Entre os diversos aspectos que englobam o tema falsas memórias, o que mais me encantou foi a seguinte questão: por que algumas pessoas apresentam uma maior suscetibilidade às falsas memórias do que outras? Estudos que relacionam diferenças individuais e falsas memórias procuram responder o que torna algumas pessoas mais vulneráveis do que outras na produção e aceitação de falsas informações. Pesquisas têm sugerido que as diferenças individuais, especialmente certos tipos de traços de personalidade, podem exercer influência significativa na precisão de nossa memória. Em meu mestrado, utilizei o modelo dos Cinco Grandes Fatores de McCrae e Costa (1997). Verifiquei que pessoas com altos níveis de neuroticismo, que apresentam características como instabilidade emocional, baixa autoestima, depressão e vulnerabilidade, além de afetos negativos e respostas de coping mal adaptadas – características associadas a uma maior suscetibilidade às falsas memórias –, apresentam maior número de distorções mnêmicas. Essas distorções ocorrem já que pessoas com essas particularidades possuem dificuldades em estabelecer avaliações críticas e apresentam uma necessidade de reduzir sensações de incerteza, demonstrando menor confiança em suas próprias recordações.
5) As falsas memórias possuem dois campos de aplicação: a área clínica e a jurídica. Quais suas implicações em ambas as áreas?
No campo da área clínica, os estudos de falsas memórias podem ajudar já que as sessões terapêuticas normalmente giram em torno de experiências emocionalmente significativas para o paciente e que geralmente partilham de uma mesma essência (p. ex., problemas de relacionamento com a mãe). Diversos casos relatados na literatura de recuperação de lembranças falsas, fruto de procedimentos utilizados por terapeutas, que muitas vezes desconhecem como a memória humana funciona, têm preocupado pesquisadores. Os terapeutas podem ter lembranças falsas sobre o relato de seus pacientes ou, até mesmo, baseados em suas interpretações do que está ocorrendo com o paciente, podem prover sugestão de falsa informação ao longo das sessões psicoterápicas. O estudo dos mecanismos envolvidos nesse processo pode auxiliar no desenvolvimento e aprimoramento de técnicas de entrevista e de intervenção terapêutica que minimizem a ocorrência ou impacto dos erros de memória. Já no meio jurídico, os estudos de FM obtiveram destaque, principalmente relacionados à fidedignidade no relato de testemunhas de contravenções em geral. É preciso que se utilizem técnicas confiáveis em coleta de testemunho, uma vez que com base em falsas memórias indivíduos inocentes podem ser acusados de crimes que não cometeram.

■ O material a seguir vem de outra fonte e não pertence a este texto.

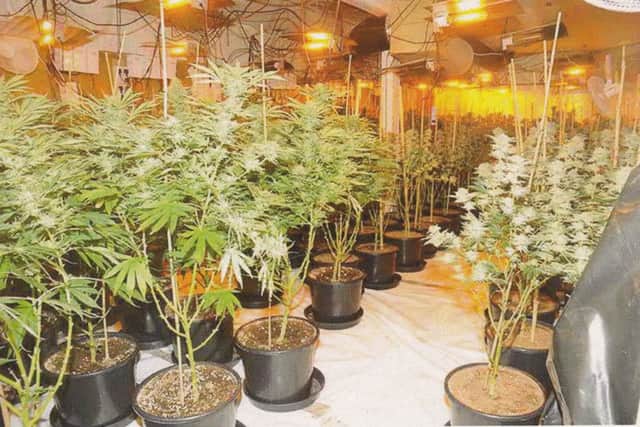 The cannabis farm found in Selkirk's Curror Street.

6) Como identificar uma falsa memória?
Ao considerar o fenômeno das falsas memórias, nos deparamos exatamente com esse desafio: como determinar se uma pessoa está realmente baseando seu relato em memórias verdadeiras ou em falsas memórias? Será possível saber a probabilidade de uma memória ser real ou distorcida? Infelizmente essas questões ainda não foram inteiramente respondidas pela ciência, já que as falsas memórias são um fenômeno de base mnemônica e não estritamente de base social, como mentiras ou simulações ocorridas por pressões sociais. Sendo assim, a pessoa deposita um alto grau de confiança em sua recordação, tornando-se difícil a comprovação da veracidade das informações. Porém, considerar suas aplicações clínicas e jurídicas – com os cuidados que devemos ter nessas duas áreas – e compreender que certas pessoas com determinadas características e traços de personalidade apresentam maior suscetibilidade para a produção de FM nos aproxima de variáveis que contribuem para a resposta de algumas dessas questões.